YOUR ASSIGNMENT: Quote exactly, and only, the lines of the material below from the line with "5YJ3E1EB8LF649467 Tesla Model 3 Long Range" through the line with "Chevrolet Colorado 2021".

DATA IN THIS EXERCISE:

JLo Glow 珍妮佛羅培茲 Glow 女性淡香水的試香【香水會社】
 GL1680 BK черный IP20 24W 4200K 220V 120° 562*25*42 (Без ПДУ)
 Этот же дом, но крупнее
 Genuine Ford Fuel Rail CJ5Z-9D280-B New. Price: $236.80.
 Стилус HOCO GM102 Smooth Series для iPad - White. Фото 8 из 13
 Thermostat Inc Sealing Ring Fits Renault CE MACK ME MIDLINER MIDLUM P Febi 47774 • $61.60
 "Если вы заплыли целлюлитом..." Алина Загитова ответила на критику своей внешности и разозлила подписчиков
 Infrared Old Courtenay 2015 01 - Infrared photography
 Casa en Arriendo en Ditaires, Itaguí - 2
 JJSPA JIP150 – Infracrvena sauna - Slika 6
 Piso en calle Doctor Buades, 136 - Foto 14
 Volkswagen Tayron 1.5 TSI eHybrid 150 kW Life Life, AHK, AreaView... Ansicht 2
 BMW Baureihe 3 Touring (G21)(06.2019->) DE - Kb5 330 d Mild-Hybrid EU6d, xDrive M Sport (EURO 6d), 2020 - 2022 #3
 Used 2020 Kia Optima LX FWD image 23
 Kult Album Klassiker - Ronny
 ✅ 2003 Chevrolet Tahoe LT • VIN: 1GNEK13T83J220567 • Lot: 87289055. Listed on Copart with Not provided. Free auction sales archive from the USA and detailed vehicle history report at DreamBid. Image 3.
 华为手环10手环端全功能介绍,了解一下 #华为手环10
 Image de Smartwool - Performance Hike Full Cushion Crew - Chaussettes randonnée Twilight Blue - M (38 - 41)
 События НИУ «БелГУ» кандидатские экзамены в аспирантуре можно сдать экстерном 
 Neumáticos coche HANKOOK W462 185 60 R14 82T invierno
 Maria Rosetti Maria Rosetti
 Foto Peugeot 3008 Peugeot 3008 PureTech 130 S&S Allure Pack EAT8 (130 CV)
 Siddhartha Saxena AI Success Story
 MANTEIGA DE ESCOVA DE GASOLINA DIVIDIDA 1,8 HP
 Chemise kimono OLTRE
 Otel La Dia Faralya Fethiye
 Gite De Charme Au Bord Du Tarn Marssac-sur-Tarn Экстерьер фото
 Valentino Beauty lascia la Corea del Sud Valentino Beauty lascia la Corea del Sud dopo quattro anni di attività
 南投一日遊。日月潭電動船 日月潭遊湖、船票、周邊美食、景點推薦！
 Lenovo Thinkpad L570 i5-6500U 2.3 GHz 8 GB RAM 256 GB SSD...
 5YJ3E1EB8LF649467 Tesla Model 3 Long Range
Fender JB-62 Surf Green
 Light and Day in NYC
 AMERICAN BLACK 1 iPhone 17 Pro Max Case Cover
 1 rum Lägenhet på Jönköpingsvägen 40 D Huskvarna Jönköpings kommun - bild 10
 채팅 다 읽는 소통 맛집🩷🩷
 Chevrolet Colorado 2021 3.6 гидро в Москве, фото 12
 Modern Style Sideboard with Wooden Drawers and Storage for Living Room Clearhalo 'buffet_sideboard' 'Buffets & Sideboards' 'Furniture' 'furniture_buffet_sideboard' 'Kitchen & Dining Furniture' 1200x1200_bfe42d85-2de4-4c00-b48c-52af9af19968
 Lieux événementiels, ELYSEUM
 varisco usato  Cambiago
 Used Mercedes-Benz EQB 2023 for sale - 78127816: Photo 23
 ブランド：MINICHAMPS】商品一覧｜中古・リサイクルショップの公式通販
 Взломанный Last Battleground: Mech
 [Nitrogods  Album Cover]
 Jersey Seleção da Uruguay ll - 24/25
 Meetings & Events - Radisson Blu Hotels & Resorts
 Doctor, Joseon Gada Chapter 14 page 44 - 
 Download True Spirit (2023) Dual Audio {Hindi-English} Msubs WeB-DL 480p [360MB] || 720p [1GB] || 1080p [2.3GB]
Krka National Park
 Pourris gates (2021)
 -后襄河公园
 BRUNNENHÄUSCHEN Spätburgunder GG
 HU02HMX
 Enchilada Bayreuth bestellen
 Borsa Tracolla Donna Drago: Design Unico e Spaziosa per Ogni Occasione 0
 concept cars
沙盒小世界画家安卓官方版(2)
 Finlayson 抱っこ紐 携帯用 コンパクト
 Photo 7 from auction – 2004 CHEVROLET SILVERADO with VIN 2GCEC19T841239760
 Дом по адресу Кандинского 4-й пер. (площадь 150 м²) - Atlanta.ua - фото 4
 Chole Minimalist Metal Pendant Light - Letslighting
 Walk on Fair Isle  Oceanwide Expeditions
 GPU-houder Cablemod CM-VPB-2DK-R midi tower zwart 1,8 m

FINAL ANSWER:
 5YJ3E1EB8LF649467 Tesla Model 3 Long Range
Fender JB-62 Surf Green
 Light and Day in NYC
 AMERICAN BLACK 1 iPhone 17 Pro Max Case Cover
 1 rum Lägenhet på Jönköpingsvägen 40 D Huskvarna Jönköpings kommun - bild 10
 채팅 다 읽는 소통 맛집🩷🩷
 Chevrolet Colorado 2021 3.6 гидро в Москве, фото 12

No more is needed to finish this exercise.